(Scraped caption text data)
####################

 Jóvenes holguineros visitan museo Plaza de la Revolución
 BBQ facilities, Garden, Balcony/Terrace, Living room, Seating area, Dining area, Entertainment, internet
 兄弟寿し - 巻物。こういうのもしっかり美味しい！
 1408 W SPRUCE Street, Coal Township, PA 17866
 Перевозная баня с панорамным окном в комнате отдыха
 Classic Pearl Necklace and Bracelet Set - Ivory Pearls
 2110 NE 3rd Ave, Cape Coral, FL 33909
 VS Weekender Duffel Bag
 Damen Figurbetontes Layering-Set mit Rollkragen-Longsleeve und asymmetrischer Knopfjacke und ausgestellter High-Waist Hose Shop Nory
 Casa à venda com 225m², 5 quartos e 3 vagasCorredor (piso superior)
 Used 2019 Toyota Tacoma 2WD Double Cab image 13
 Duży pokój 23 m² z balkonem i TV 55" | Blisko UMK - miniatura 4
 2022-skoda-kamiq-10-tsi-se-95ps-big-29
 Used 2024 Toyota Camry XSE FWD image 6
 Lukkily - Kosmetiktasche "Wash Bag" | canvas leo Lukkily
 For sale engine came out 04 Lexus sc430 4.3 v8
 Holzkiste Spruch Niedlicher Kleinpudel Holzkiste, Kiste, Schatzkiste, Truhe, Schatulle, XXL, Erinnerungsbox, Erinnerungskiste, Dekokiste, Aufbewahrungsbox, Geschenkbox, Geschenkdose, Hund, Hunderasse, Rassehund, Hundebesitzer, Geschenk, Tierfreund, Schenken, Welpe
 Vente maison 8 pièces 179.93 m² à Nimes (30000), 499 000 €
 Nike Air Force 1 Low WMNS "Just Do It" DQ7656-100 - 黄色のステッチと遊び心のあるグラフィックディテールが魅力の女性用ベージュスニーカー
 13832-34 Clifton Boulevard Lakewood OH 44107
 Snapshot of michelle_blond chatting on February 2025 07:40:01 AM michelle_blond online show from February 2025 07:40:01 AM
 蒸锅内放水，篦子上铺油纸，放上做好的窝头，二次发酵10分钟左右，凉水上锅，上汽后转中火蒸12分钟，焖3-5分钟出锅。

####################

WHAT YOU SHOULD DO:
Please transcribe exactly the lines above from the line that has "Classic Pearl Necklace" up to and including the line that has "Vente maison 8"; no other line belongs in the answer.

OUTPUT OF THE TASK:
 Classic Pearl Necklace and Bracelet Set - Ivory Pearls
 2110 NE 3rd Ave, Cape Coral, FL 33909
 VS Weekender Duffel Bag
 Damen Figurbetontes Layering-Set mit Rollkragen-Longsleeve und asymmetrischer Knopfjacke und ausgestellter High-Waist Hose Shop Nory
 Casa à venda com 225m², 5 quartos e 3 vagasCorredor (piso superior)
 Used 2019 Toyota Tacoma 2WD Double Cab image 13
 Duży pokój 23 m² z balkonem i TV 55" | Blisko UMK - miniatura 4
 2022-skoda-kamiq-10-tsi-se-95ps-big-29
 Used 2024 Toyota Camry XSE FWD image 6
 Lukkily - Kosmetiktasche "Wash Bag" | canvas leo Lukkily
 For sale engine came out 04 Lexus sc430 4.3 v8
 Holzkiste Spruch Niedlicher Kleinpudel Holzkiste, Kiste, Schatzkiste, Truhe, Schatulle, XXL, Erinnerungsbox, Erinnerungskiste, Dekokiste, Aufbewahrungsbox, Geschenkbox, Geschenkdose, Hund, Hunderasse, Rassehund, Hundebesitzer, Geschenk, Tierfreund, Schenken, Welpe
 Vente maison 8 pièces 179.93 m² à Nimes (30000), 499 000 €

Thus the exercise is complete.